Adjustment Prompt (Old)

Spot price = ___ Short CE delta = ___ Short PE delta = ___ Delta imbalance = ___ IV percentile = ___ Current P/L = ___ Initial credit = ___ Distance to short strike = ___ Check if adjustment is needed based on my Iron Condor adjustment rules and which adjustment type applies.

Pledging Rules

  • Keep pledging until cash generation reaches ₹2 Lakh per month
  • If ₹2 Lakh per month is achieved with ₹35 Lakh investment:
    • Stop pledging
    • Focus only on compounding via diversification calculator
  • Do not generate cash above ₹2 Lakh from option selling
  • Additional cash generation to be routed via InvIT

Philosophy: Cash generation is capped, controlled, and rule-based.

📅 Monthly Investment Plan

  • Start Date: From 1 March onwards
  • Monthly Deployment: Buy distributed investments of approximately ₹2 Lakh + cash generation amount
    • NIFTY BEES – 30%
    • MID – 30%
    • JUNIOR – 20%
    • INVIT – 10%
    • REIT – 10%
  • Diversification calculator

Philosophy: Cash flow first, compounding second.

🏗️ InvIT – Passive Income Rules

  • Passive Income Vehicle: InvIT (PowerGrid)
  • Passive Income Target: ₹2 Lakh

InvIT Compounding Conditions

  • Stop InvIT compounding if price is greater than 105
  • Also stop if dividend income reaches ₹2 Lakh.

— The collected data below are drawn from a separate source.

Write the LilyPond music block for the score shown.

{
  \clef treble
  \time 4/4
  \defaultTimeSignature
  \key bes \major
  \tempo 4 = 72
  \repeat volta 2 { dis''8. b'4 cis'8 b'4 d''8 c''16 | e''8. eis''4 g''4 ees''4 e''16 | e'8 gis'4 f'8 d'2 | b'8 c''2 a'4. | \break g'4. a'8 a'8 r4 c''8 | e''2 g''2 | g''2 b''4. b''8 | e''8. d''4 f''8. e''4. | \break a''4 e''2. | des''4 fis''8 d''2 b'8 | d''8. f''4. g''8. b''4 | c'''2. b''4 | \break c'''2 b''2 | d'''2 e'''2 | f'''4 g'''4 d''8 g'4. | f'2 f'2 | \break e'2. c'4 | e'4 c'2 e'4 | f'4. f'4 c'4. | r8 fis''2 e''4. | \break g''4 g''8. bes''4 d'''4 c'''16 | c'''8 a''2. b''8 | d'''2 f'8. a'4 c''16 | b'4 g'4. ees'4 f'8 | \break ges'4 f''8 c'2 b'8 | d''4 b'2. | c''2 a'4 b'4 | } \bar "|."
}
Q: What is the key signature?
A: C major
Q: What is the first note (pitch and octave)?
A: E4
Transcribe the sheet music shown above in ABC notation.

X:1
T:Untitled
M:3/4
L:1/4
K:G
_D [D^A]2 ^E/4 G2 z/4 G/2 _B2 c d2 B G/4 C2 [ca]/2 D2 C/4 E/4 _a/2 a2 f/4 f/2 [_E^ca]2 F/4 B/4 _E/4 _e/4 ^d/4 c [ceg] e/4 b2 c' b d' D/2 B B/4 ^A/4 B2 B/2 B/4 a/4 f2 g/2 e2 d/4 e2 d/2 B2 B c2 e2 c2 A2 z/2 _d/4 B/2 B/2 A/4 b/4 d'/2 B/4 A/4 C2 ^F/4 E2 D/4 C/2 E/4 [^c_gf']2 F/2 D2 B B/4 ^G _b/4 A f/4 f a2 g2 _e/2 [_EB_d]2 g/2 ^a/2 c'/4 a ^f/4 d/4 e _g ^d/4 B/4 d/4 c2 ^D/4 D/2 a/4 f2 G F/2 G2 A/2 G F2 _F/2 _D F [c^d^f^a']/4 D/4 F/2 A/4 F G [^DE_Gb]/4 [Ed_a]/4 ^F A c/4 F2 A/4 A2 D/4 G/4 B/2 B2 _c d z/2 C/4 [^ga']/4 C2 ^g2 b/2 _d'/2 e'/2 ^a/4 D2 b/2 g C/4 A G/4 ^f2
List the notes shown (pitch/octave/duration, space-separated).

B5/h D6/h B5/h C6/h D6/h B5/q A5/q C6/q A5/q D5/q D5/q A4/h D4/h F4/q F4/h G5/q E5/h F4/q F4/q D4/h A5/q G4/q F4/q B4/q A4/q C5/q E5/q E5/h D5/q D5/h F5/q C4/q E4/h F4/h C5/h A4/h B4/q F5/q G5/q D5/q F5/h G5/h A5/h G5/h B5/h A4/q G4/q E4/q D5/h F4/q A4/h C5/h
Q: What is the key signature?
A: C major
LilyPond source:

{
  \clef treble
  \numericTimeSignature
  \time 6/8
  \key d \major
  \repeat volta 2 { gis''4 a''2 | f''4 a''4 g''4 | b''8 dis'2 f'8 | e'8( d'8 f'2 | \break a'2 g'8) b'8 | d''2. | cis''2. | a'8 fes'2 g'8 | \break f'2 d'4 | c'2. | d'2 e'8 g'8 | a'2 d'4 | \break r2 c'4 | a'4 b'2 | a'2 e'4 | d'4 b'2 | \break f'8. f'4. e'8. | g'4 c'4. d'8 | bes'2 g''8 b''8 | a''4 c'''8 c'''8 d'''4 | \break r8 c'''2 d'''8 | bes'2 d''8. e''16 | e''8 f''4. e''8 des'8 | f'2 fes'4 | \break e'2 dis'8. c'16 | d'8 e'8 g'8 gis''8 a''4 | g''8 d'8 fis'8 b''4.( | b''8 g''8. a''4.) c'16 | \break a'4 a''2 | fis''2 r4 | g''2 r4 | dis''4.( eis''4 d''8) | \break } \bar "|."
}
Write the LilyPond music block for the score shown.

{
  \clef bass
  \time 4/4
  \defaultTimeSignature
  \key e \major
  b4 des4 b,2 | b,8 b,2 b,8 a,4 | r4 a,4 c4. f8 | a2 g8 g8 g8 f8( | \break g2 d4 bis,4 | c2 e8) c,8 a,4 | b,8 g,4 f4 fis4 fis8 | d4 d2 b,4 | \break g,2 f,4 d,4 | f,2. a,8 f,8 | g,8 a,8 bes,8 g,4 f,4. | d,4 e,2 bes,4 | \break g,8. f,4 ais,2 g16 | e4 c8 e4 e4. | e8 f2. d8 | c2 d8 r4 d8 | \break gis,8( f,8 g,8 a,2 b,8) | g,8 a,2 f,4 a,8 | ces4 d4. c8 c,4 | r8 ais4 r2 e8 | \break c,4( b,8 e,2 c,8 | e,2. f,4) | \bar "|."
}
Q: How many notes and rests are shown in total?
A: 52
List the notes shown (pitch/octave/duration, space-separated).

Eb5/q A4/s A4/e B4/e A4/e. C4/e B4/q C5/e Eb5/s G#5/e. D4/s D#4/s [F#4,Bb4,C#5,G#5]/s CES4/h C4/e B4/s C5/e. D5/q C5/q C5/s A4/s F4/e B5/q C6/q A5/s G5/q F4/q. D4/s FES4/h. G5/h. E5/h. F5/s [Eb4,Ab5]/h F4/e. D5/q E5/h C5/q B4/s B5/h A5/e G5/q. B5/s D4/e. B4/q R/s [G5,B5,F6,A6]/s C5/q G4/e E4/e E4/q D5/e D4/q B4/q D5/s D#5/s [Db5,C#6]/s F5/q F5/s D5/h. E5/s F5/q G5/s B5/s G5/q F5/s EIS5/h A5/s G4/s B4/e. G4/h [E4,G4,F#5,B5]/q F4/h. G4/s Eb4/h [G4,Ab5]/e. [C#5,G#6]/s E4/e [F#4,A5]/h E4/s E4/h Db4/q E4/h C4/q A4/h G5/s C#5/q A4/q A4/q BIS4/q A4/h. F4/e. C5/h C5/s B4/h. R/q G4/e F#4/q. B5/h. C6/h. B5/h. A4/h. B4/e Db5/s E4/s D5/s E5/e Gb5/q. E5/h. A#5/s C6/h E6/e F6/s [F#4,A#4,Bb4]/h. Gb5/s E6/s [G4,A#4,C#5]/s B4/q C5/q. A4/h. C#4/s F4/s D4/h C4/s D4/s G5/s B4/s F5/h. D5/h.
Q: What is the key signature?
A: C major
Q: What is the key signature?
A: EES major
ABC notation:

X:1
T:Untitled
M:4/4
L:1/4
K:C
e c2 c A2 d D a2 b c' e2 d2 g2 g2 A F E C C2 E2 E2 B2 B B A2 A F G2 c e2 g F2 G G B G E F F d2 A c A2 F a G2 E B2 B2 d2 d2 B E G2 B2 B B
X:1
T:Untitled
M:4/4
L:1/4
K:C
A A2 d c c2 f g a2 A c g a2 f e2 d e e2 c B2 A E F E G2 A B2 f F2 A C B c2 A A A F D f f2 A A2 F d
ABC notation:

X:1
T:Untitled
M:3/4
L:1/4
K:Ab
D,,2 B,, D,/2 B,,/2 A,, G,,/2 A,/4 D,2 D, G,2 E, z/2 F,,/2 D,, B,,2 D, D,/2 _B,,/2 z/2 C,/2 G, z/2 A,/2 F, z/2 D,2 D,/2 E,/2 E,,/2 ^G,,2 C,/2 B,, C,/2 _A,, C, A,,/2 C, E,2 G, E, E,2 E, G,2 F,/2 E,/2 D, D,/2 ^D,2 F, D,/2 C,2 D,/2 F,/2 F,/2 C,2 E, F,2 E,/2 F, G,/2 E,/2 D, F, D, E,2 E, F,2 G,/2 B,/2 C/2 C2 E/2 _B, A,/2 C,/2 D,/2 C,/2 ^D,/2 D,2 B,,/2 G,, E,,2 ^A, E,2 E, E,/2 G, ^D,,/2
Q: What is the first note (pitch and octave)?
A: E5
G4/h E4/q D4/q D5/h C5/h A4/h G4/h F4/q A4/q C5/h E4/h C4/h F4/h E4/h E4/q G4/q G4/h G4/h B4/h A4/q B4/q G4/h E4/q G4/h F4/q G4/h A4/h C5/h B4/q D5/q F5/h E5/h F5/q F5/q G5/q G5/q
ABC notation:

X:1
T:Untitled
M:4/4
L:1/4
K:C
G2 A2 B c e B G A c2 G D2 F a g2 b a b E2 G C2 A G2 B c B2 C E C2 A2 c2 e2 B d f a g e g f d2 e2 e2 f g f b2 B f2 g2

Target is to reach ₹2 Lakh per month.
    Philosophy: Income discipline matters more than price excitement.

    Notes:

  • 1⃣ Options: Stop pledging once cumulative cash generated reaches ₹2 lakh. Thereafter, investments in BEES will continue solely for compounding purposes. Options selling will be carried out only with limited capital.
  • 2⃣ BEES (Equity ETFs): Stop fresh investments once ₹25L total is invested across all NIFTYBEES + MID150BEES + JUNIORBEES; let them compound on their own.
  • 3⃣ InvIT → Next: Invest in InvITs until ₹2L/month distributions are reached; then stop InvITs and shift new capital to REITs & metals.
  • 4⃣ Adjustment Rules for Iron Condor: If stock falls then convert to bull put spread, if stock rises then exit with loss.